En Allemagne, la campagne électorale pour les législatives du 24 septembre n’a pas vraiment commencé mais Angela Merkel, à la chancellerie depuis douze ans, a trouvé un rival à sa hauteur. A peine nommé président du Parti social-démocrate (SPD) et désigné comme candidat à la chancellerie, Martin Schulz prend la tête dans les sondages. Si l’élection du chef du gouvernement allemand avait lieu au suffrage universel il remporterait 50% des suffrages contre 41% seulement pour Angela Merkel.
Dans un régime parlementaire, ce sont les scores des partis qui comptent. Mais là encore, l’arrivée de l’ancien président du Parlement européen sur la scène intérieure allemande a déjà eu des effets positifs pour le SPD. Dans le dernier baromètre de la première chaîne de télévision, les socio-démocrates gagnent 8 points par rapport au mois de janvier. Avec 28% des intentions de vote (si le scrutin avait lieu dimanche prochain), ils ne sont plus que 6 points derrière la démocratie-chrétienne (34%). Si c’est insuffisant pour détrôner Angela Merkel, c’est le signe d’une dynamique créée par le changement à la tête du SPD.

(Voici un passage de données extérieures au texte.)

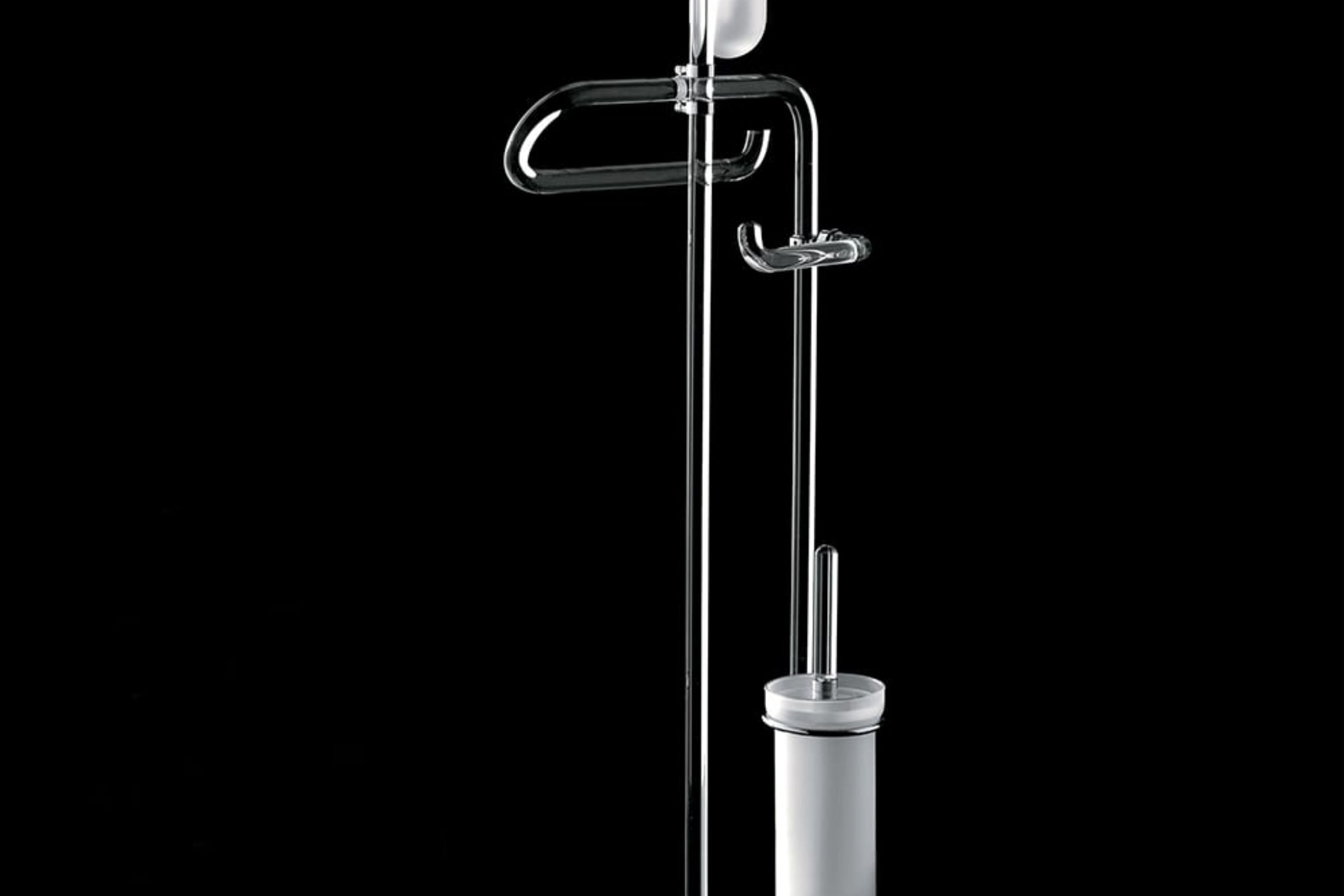 Piantana wc-bidet Luce \ Giglio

L’ancien chef du parti, Sigmar Gabriel, a tiré les leçons de son échec à bénéficier de sa participation à la grande coalition. Dans une déclaration qui ressemblait presque mot pour mot à celle de François Hollande renonçant à se présenter à l’élection présidentielle, il a admis être un obstacle à un succès de son camp aux prochaines élections. Martin Schulz n’a pas le même handicap. Sa carrière politique l’a mené directement de la mairie de la petite ville de Würselen, en Rhénanie-Westphalie, au parlement européen. Il peut critiquer Angela Merkel sans se voir rétorquer que pendant cinq ans il a partagé la responsabilité de la politique gouvernementale. Le paradoxe est même que le SPD a réussi à imposer nombre de ses revendications (salaire minimum, abaissement de l’âge de la retraite, parité homme-femme, PACS, etc.) sans en tirer de bénéfice électoral.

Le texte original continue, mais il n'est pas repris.